Description: The square root function is one-to-one. (Contributed by Scott Fenton, 11-Jun-2013)

Ref Expression
Assertion sqrt11 
|- ( ( ( A e. RR /\ 0 <_ A ) /\ ( B e. RR /\ 0 <_ B ) ) -> ( ( sqrt ` A ) = ( sqrt ` B ) <-> A = B ) )

Proof

Step Hyp Ref Expression
1 resqrtcl 
 |-  ( ( A e. RR /\ 0 <_ A ) -> ( sqrt ` A ) e.
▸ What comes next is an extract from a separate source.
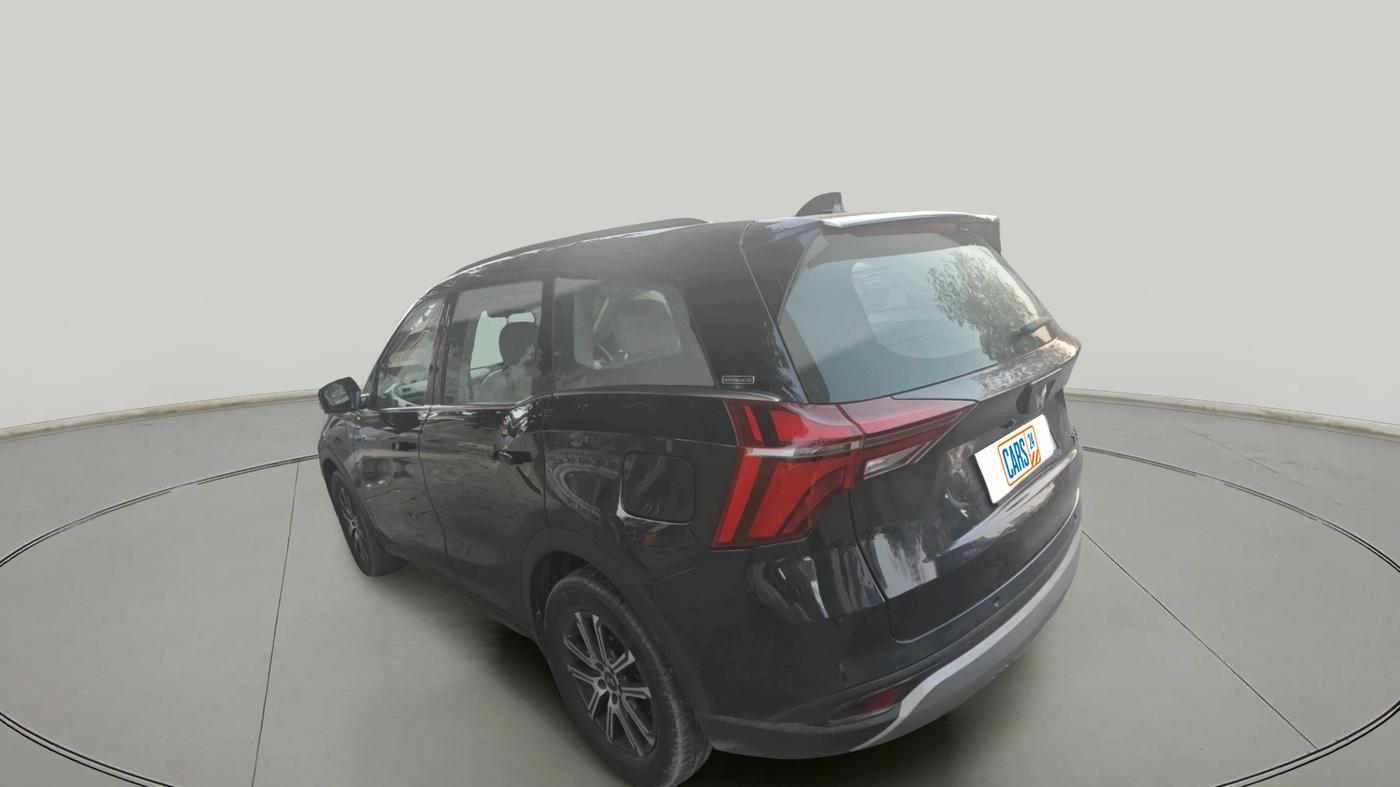 2022 Mahindra XUV700 AX 7 LUXURY D AWD AT 7 STR, Diesel, Automatic, 85,545 km, exterior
RR )
2 sqrtge0 
 |-  ( ( A e. RR /\ 0 <_ A ) -> 0 <_ ( sqrt ` A ) )
3 1 2 jca 
 |-  ( ( A e. RR /\ 0 <_ A ) -> ( ( sqrt ` A ) e. RR /\ 0 <_ ( sqrt ` A ) ) )
4 resqrtcl 
 |-  ( ( B e. RR /\ 0 <_ B ) -> ( sqrt ` B ) e. RR )
5 sqrtge0 
 |-  ( ( B e. RR /\ 0 <_ B ) -> 0 <_ ( sqrt ` B ) )
6 4 5 jca 
 |-  ( ( B e. RR /\ 0 <_ B ) -> ( ( sqrt ` B ) e. RR /\ 0 <_ ( sqrt ` B ) ) )
7 sq11 
 |-  ( ( ( ( sqrt ` A ) e. RR /\ 0 <_ ( sqrt ` A ) ) /\ ( ( sqrt ` B ) e. RR /\ 0 <_ ( sqrt ` B ) ) ) -> ( ( ( sqrt ` A ) ^ 2 ) = ( ( sqrt ` B ) ^ 2 ) <-> ( sqrt ` A ) = ( sqrt ` B ) ) )
8 3 6 7 syl2an 
 |-  ( ( ( A e. RR /\ 0 <_ A ) /\ ( B e. RR /\ 0 <_ B ) ) -> ( ( ( sqrt ` A ) ^ 2 ) = ( ( sqrt ` B ) ^ 2 ) <-> ( sqrt ` A ) = ( sqrt ` B ) ) )
9 resqrtth 
 |-  ( ( A e. RR /\ 0 <_ A ) -> ( ( sqrt ` A ) ^ 2 ) = A )
10 resqrtth 
 |-  ( ( B e. RR /\ 0 <_ B ) -> ( ( sqrt ` B ) ^ 2 ) = B )
11 9 10 eqeqan12d 
 |-  ( ( ( A e. RR /\ 0 <_ A ) /\ ( B e. RR /\ 0 <_ B ) ) -> ( ( ( sqrt ` A ) ^ 2 ) = ( ( sqrt ` B ) ^ 2 ) <-> A = B ) )
12 8 11 bitr3d 
 |-  ( ( ( A e. RR /\ 0 <_ A ) /\ ( B e. RR /\ 0 <_ B ) ) -> ( ( sqrt ` A ) = ( sqrt ` B ) <-> A = B ) )